There was a brief moment this day when a random thought came to me and refused to budge, which brings us here and now. In the inexperience of youth without the benefit of context or time, I too often skimmed the surface and missed the depth, making it a luxurious privilege to circle back. So with that in mind, consider this a brief mutation of making amends and please allow me to introduce you to five songs the Rolling Stones recorded over 50 years ago.
The first was on the flip side of “The Last Time” single, featuring Mick on vocals and tambourine with Keith picking out the lead on acoustic guitar. Jack Nitzsche added harpsichord and tam-tam, with legendary producer and future convicted killer Phil Spector playing bass lines on a de-tuned electric guitar. The rest of the band are excluded, and it was recorded in January 1965 at the RCA Studio in Los Angeles, the night before they left for a string of tour dates in Australia.
From the December 1965 Aftermath sessions in England, this song didn’t make it onto the album and was given away to a singing duo known as Twice As Much who released it the following May only in the UK, where it barely made it into the Top 40. This version was included on the American-only Flowers compilation album, and features the full band with Brian Jones playing harpsichord.
Recorded four months later in Hollywood in March of 1966 and included on Aftermath, Brian Jones is playing an Appalachian mountain dulcimer and once again Jack Nitzsche is called upon to add harpsichord.

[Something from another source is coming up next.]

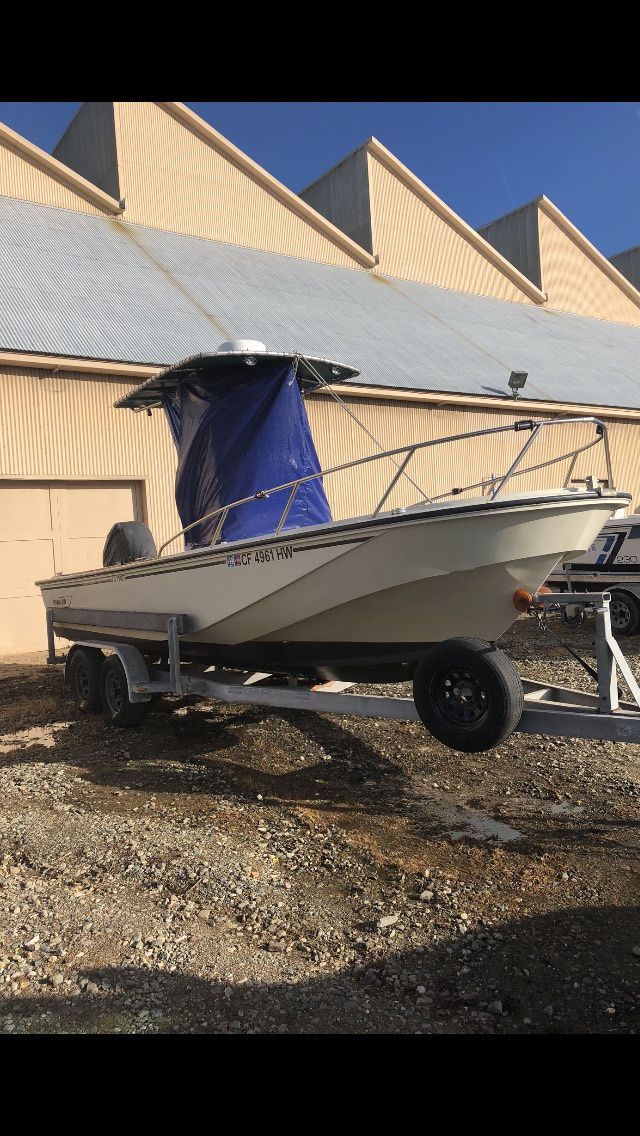 1984 Boston whaler Outrage 22 ft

This song has been acknowledged by several writers and critics as one of their best during this time period, and it was featured in Wes Anderson’s 1998 film Rushmore.

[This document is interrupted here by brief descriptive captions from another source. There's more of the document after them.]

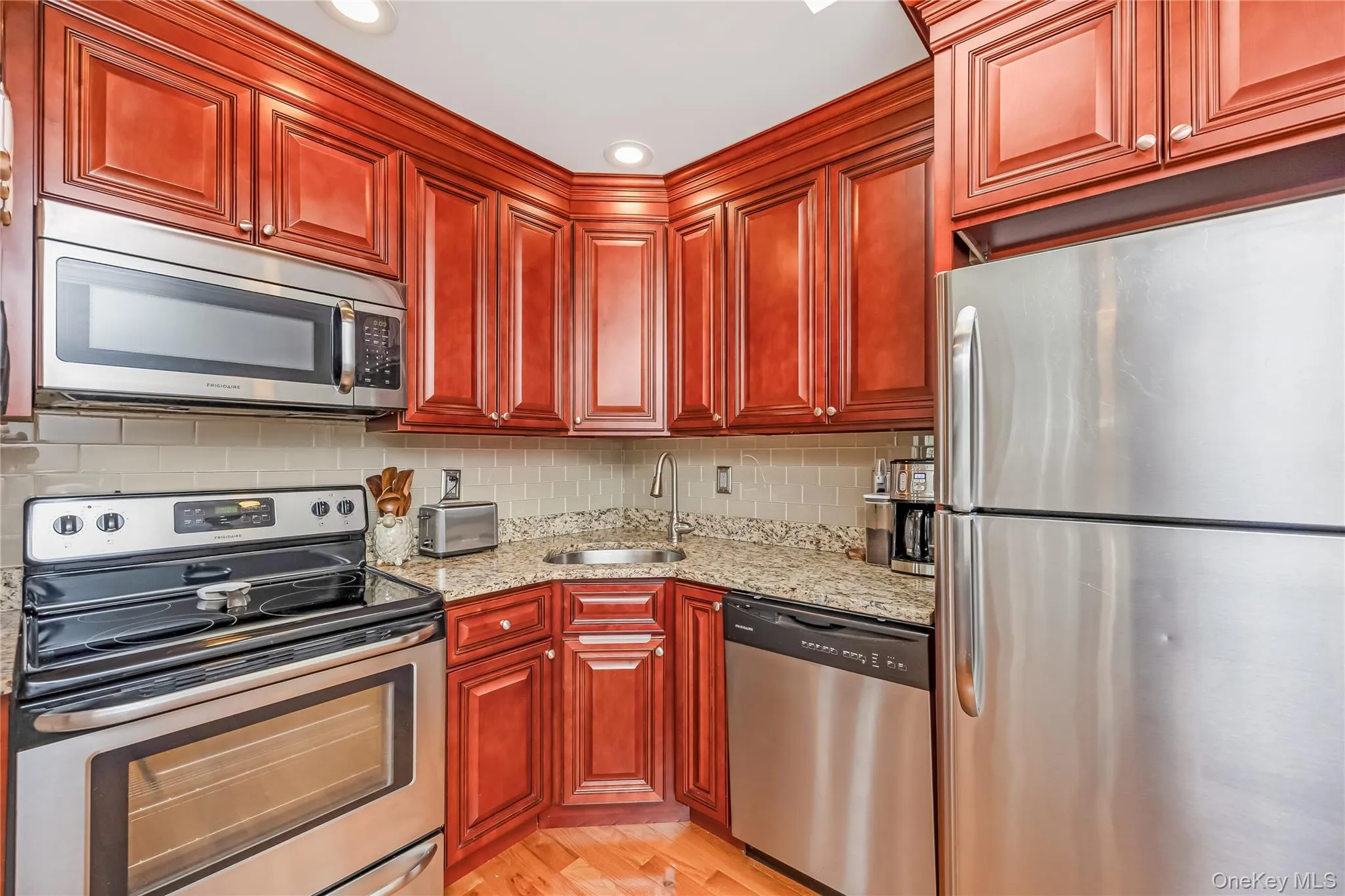 28 Academy Lane, Islip, NY, 2 Bedrooms Bedrooms, 5 Rooms Rooms,2 BathroomsBathrooms,Residential,For Rent,Academy,0,1047899 28 Academy Lane, Islip, NY, 2 Bedrooms Bedrooms, 5 Rooms Rooms,2 BathroomsBathrooms,Residential,For Rent,Academy,0,1047899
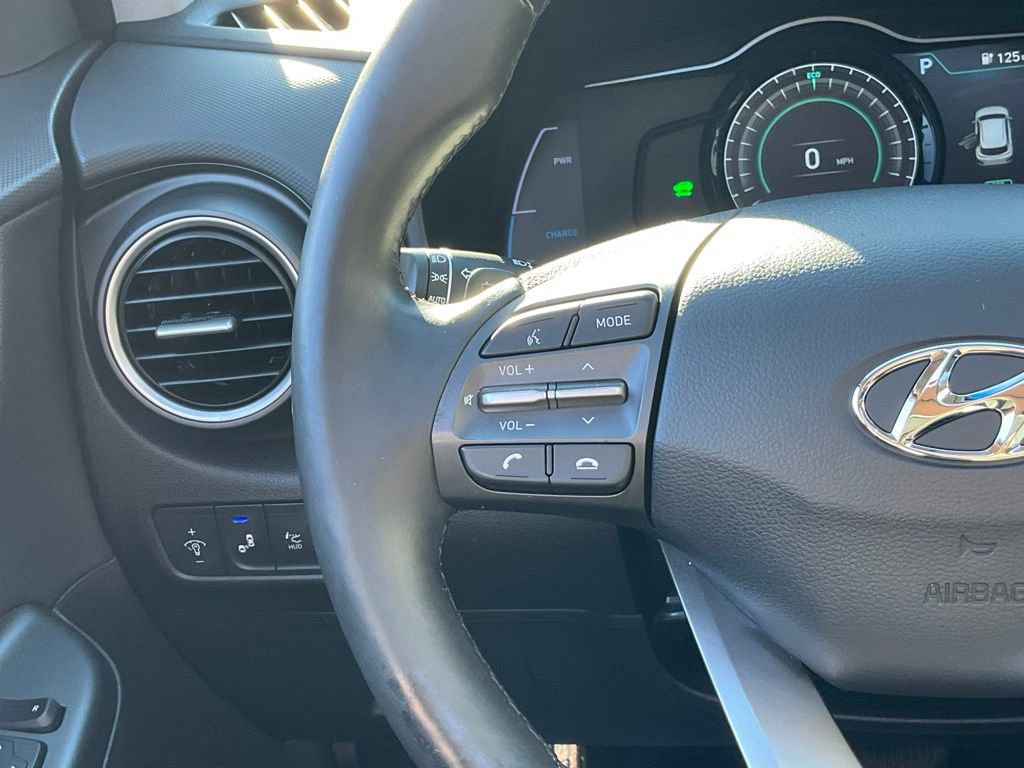 Used 2021 Hyundai Kona Ultimate image 38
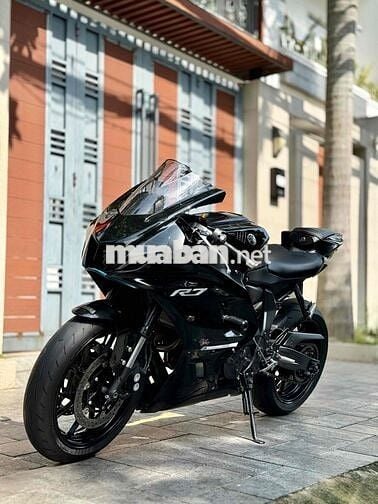 Yamaha R7 Full black
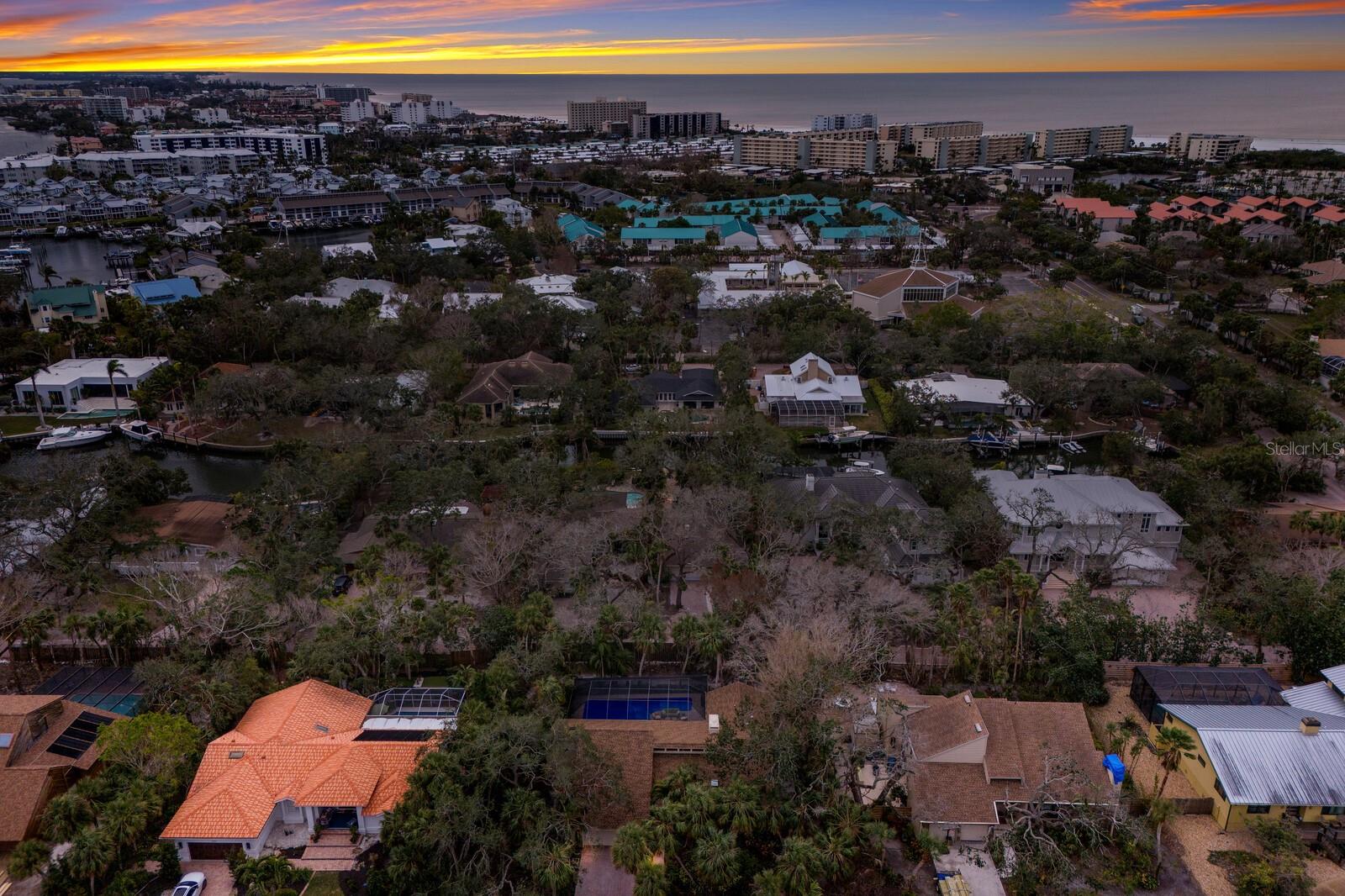 1225 S VIEW DR, SARASOTA, FL, 34242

Recorded at the same Hollywood sessions mentioned above, this is the first of three versions that have been released by the Stones. It originally was only available on the UK’s Aftermath. It was a number-one hit single for Chris Farlowe, who covered it three months later with Mick Jagger producing. A second, shorter version came out in the US on the Flowers compilation, and the third time around, available on another compilation, titled Metamorphis, took Farlowe’s version and replaced it with Jagger’s vocals.

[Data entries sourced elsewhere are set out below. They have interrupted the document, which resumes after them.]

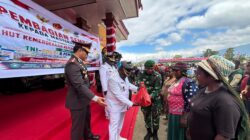 Tokoh Adat dan Forkopimda Dogiyai Bagikan Sembako serta Bendera Merah Putih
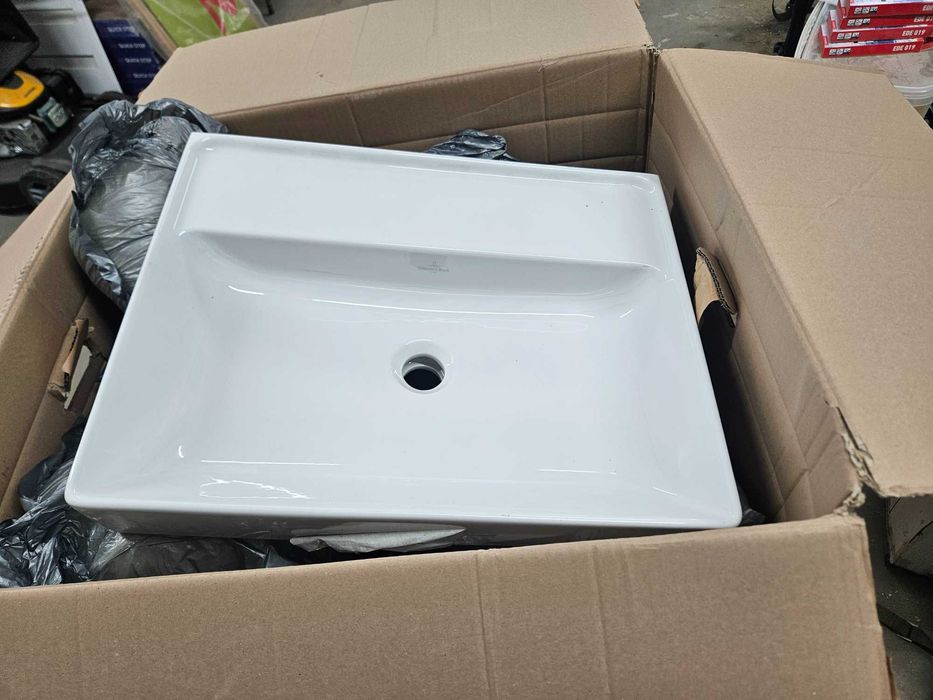 Umywalki Villeroy&Boch Corallo  4A335801
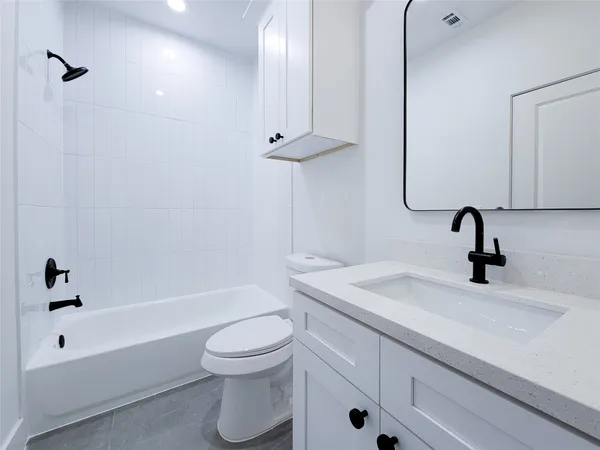 $2,995 | 7703 Earl Rudder Way, Houston, TX 77055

The final song of this quintet was again only available in the US on the Flowers album, but appeared in the UK on Between The Buttons. Recorded in the fall of 1966, I’m guessing it was recorded again in Hollywood, as Nitzsche plays harpsichord again and is joined by Nick de Caro on accordion. Brian Jones plays vibraphone, Keith on acoustic, Bill Wyman on bass, and Charlie Watts tambourine and claves. Along with his vocal, Jagger is credited with adding “finger snaps.”
So what caused me to look back over 50 years to these five particular songs? Consider this both the preamble and postscript. In March of 1995 the band re-recorded this song live in at a recording studio in Tokyo. It is a mostly acoustic deconstruction from the electric version released on Steel Wheels, featuring a rare lead vocal from Keith. You’ll find it most recently available on the June 2016 release of Totally Stripped. And on a winter’s day in New York that should have been dark, cold, and frosty but with the mercury soaring into the 60s, I traveled from Brooklyn to Harlem in seven hours, listening to this song almost a dozen times and recalling that once upon a time I loved this band but couldn’t remember why.